[Opening SUPPLIED MATERIAL section]
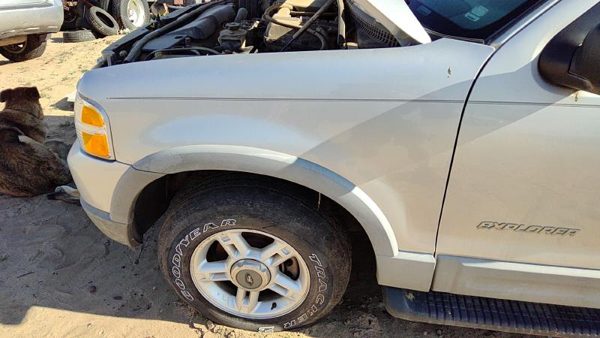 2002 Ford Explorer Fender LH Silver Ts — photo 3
[Closing SUPPLIED MATERIAL section]
[Opening SUPPLIED MATERIAL section]
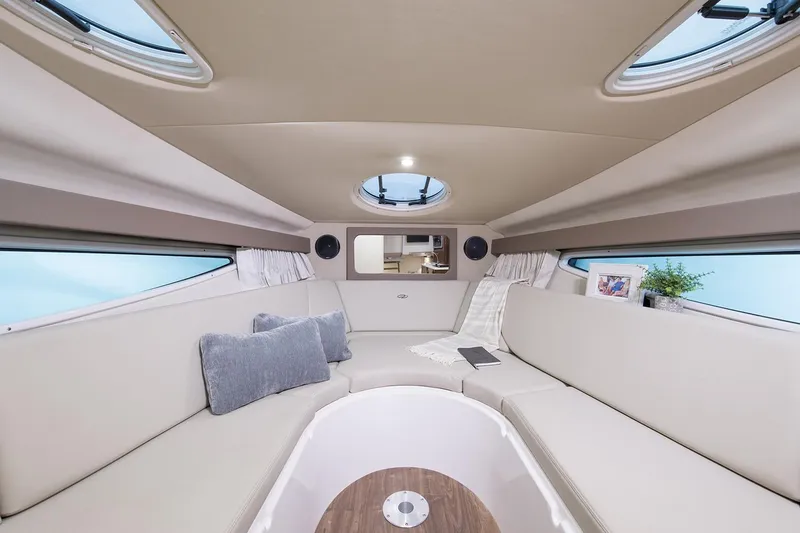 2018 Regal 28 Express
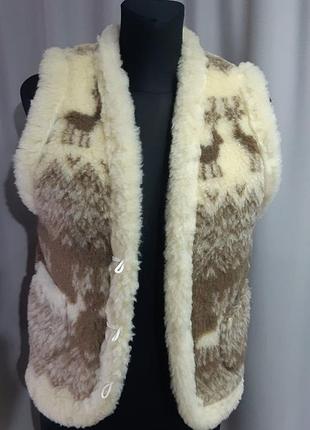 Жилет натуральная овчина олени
[Closing SUPPLIED MATERIAL section]
[Opening SUPPLIED MATERIAL section]
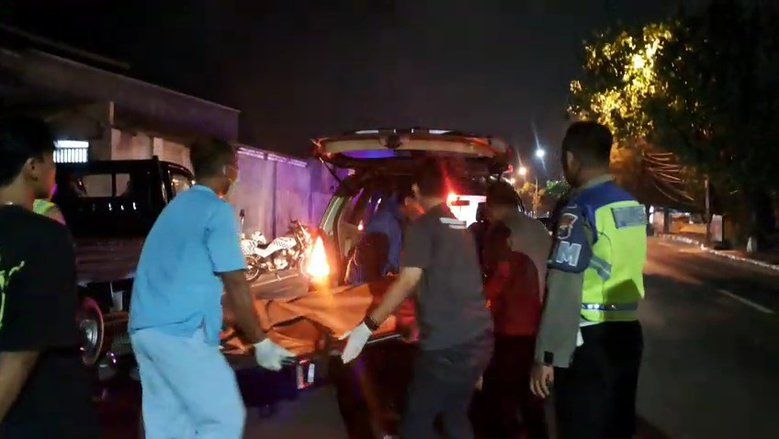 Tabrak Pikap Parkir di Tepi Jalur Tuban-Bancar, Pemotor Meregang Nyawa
[Closing SUPPLIED MATERIAL section]
> **WHAT YOU ARE ASKED TO DO**
The lines to set down run from the line with "2018 Regal 28 Express" up to and including the line with "Жилет натуральная овчина олени" in the entries above. Reproduce them exactly, with no pictures.

> **ANSWER TO THE EXERCISE**
 2018 Regal 28 Express
 Жилет натуральная овчина олени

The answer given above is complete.